● **YOUR ASSIGNMENT**
Please copy, exactly and with no pictures, only the lines from the one containing "早い者勝ち格安‼️iPad第9世代 Cellular+Wi-Fi ケース付属" through the last line of the records.

====================

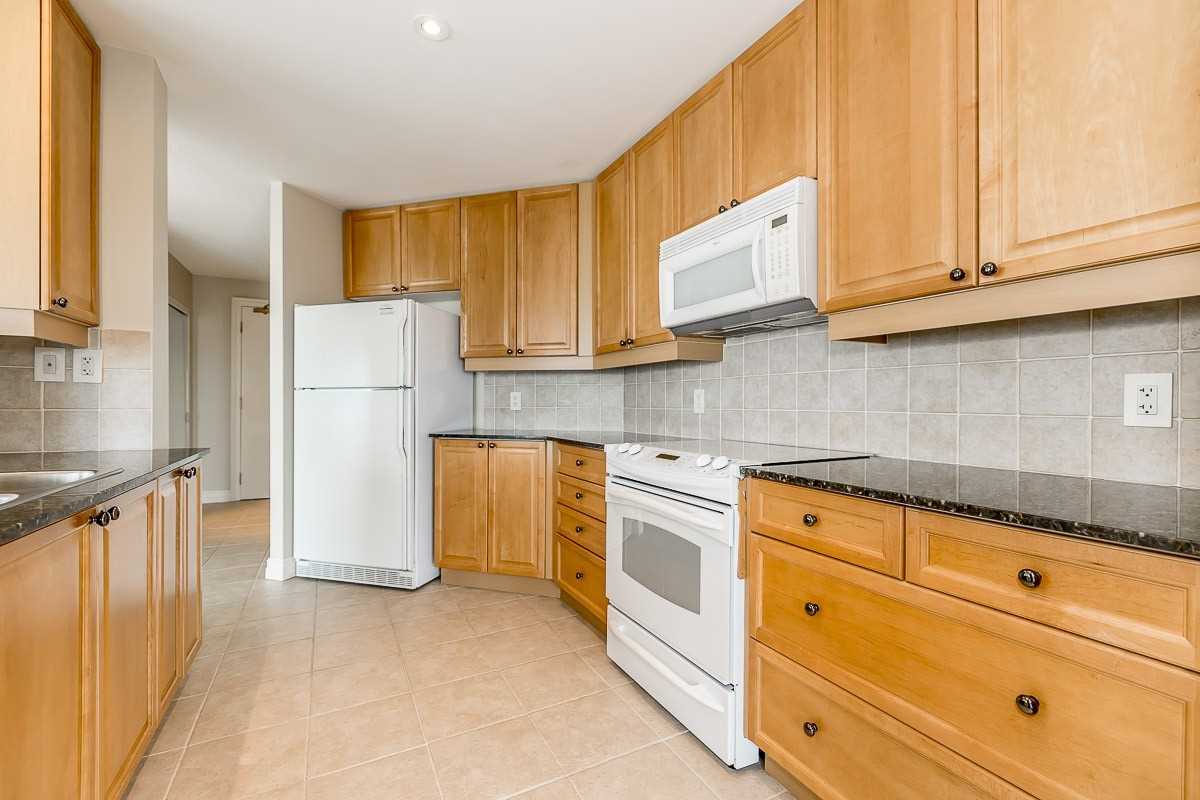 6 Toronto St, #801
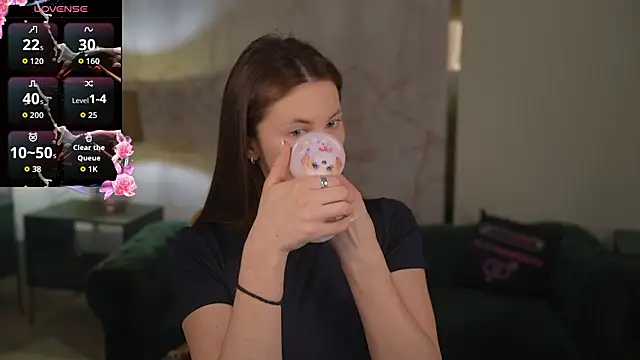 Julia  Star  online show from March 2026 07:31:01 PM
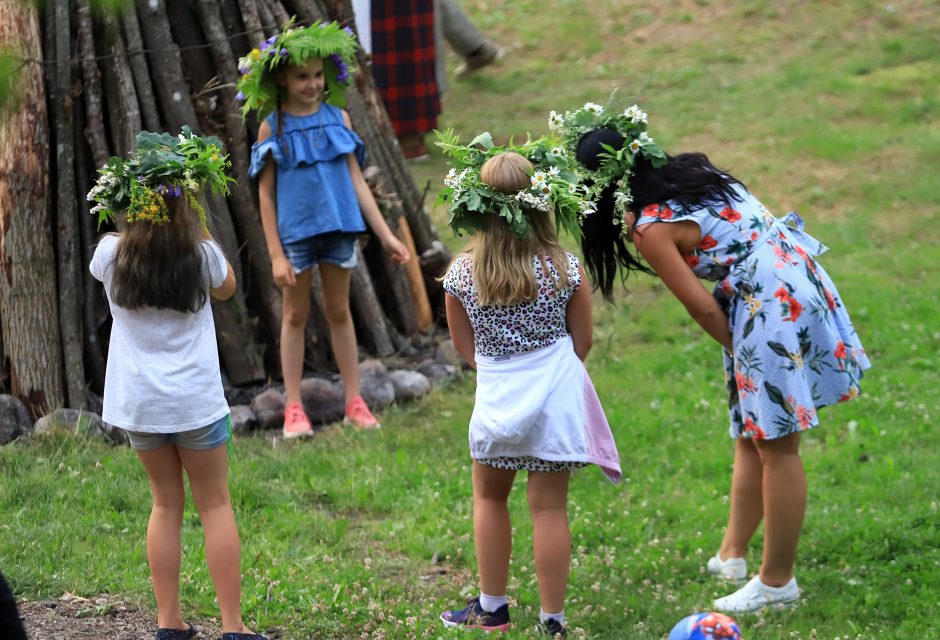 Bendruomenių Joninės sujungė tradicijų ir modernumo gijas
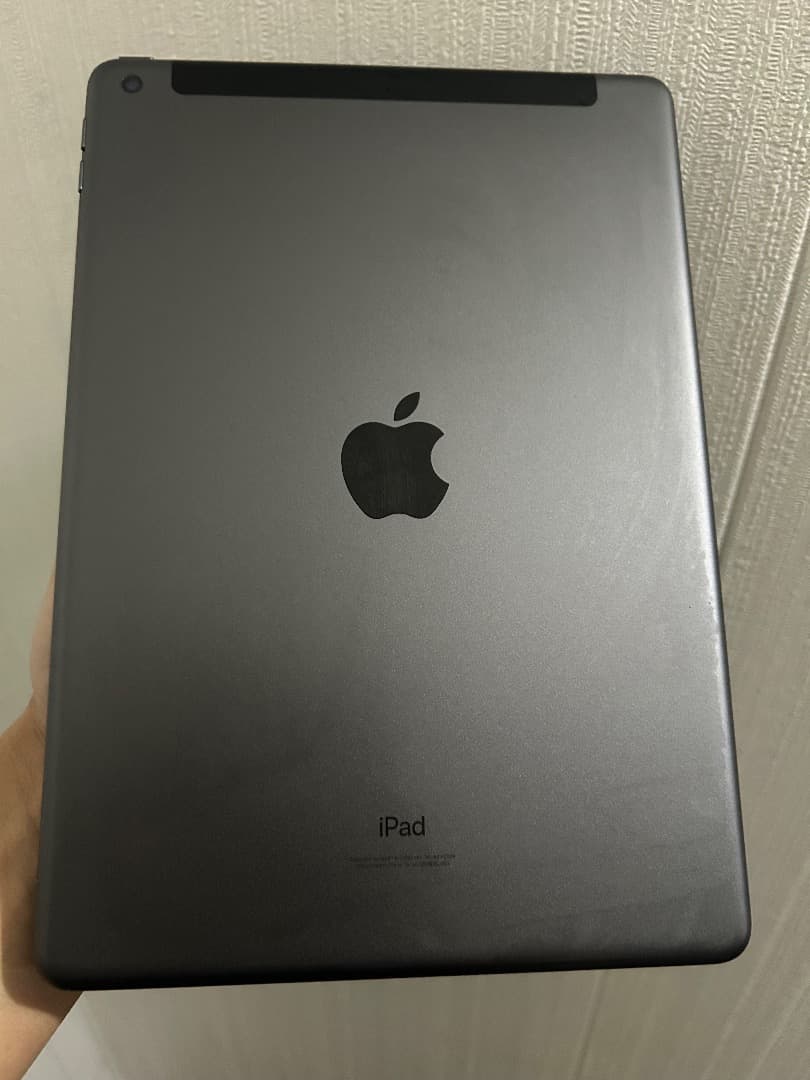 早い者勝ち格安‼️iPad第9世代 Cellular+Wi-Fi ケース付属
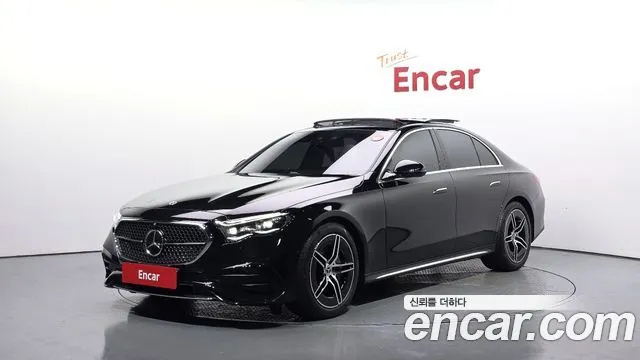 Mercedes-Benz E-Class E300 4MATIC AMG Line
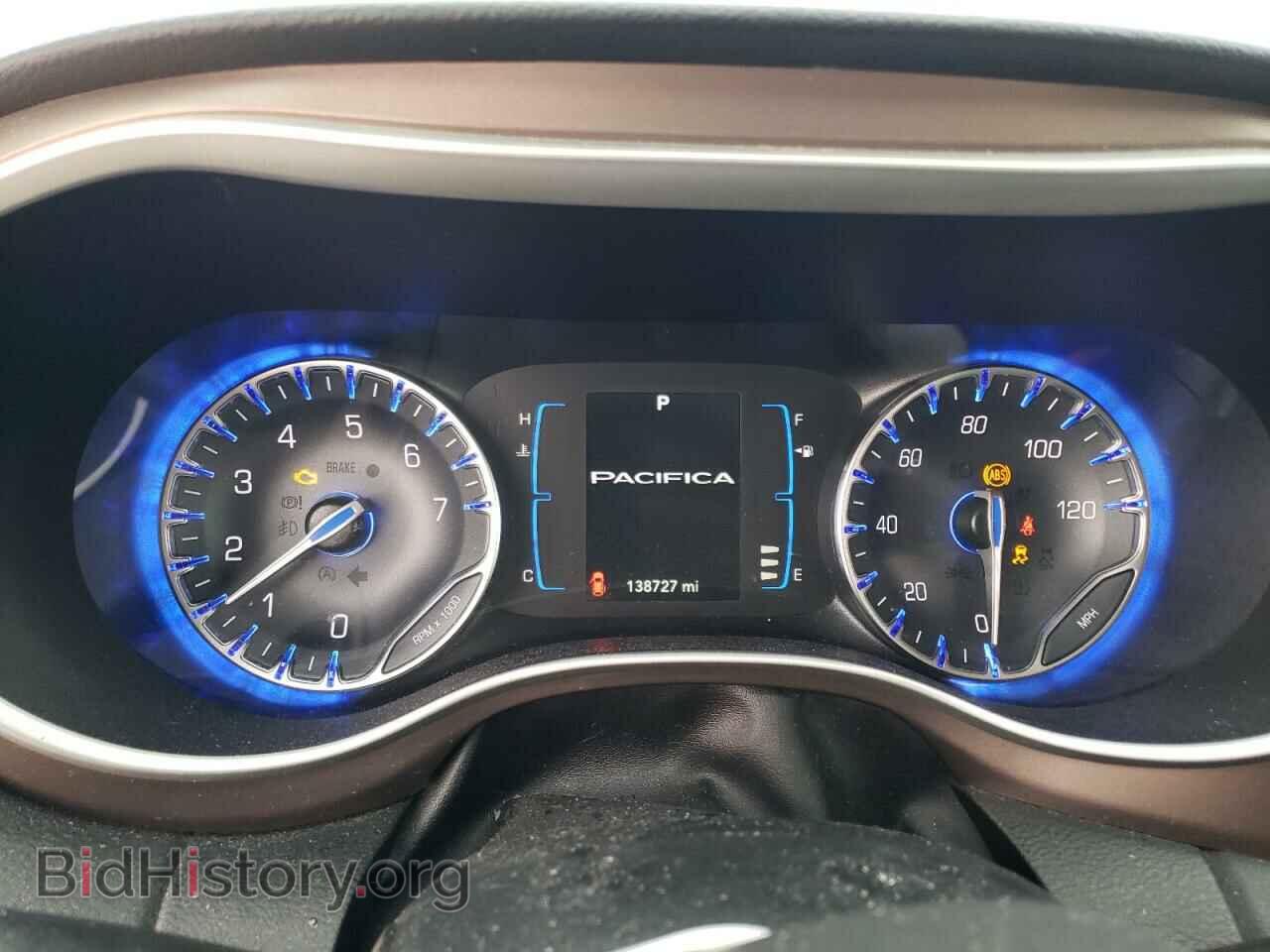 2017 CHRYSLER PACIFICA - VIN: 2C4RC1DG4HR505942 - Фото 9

====================

● **EXERCISE RESULT**
 早い者勝ち格安‼️iPad第9世代 Cellular+Wi-Fi ケース付属
 Mercedes-Benz E-Class E300 4MATIC AMG Line
 2017 CHRYSLER PACIFICA - VIN: 2C4RC1DG4HR505942 - Фото 9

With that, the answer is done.